Lloyds Pharmacy workers to strike next week over pay

Dispute concerns trade union recognition and zero-hour contracts

 More than 200 staff in 50 Lloyds Pharmacy stores  will strike on Thursday, June 14th. Photograph: Alan Betson / The Irish Times

More than 200 staff in 50 Lloyds Pharmacy stores will strike on Thursday, June 14th.

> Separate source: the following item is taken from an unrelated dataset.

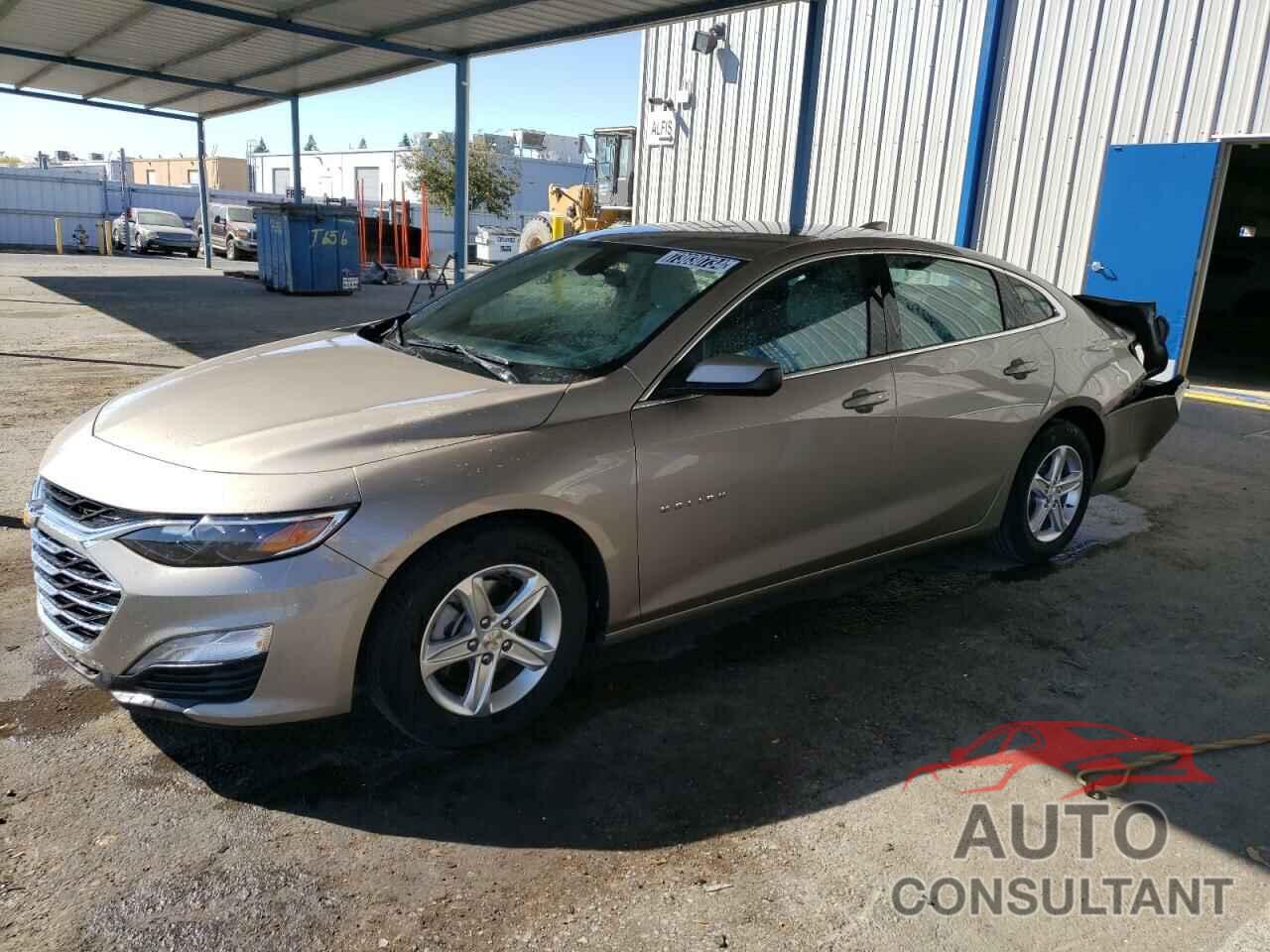 CHEVROLET MALIBU 2022 - 1G1ZD5ST3NF175212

Photograph: Alan Betson / The Irish Times

 

Lloyds Pharmacy workers will strike next week in a dispute over pay, trade union recognition and zero-hour contracts.

Trade union Mandate confirmed that 92 per cent of Lloyds’ staff who voted in a ballot on industrial action backed striking.

As a result, more than 200 staff in 50 Lloyds Pharmacy stores – the chain has 94 in total – will strike on Thursday June 14th.

Gerry Light, Mandate assistant general secretary, said the company’s refusal to accept a Labour Court recommendation to negotiate with the union sparked the vote.

“Our members do not want to go on strike, but have been left with no other option,” he claimed.

“Lloyds Pharmacy workers have repeatedly requested that their employer negotiate with their representatives, Mandate trade union.”

Mr Light warned that Thursday’s action could escalate if Lloyds fails to resolve the dispute.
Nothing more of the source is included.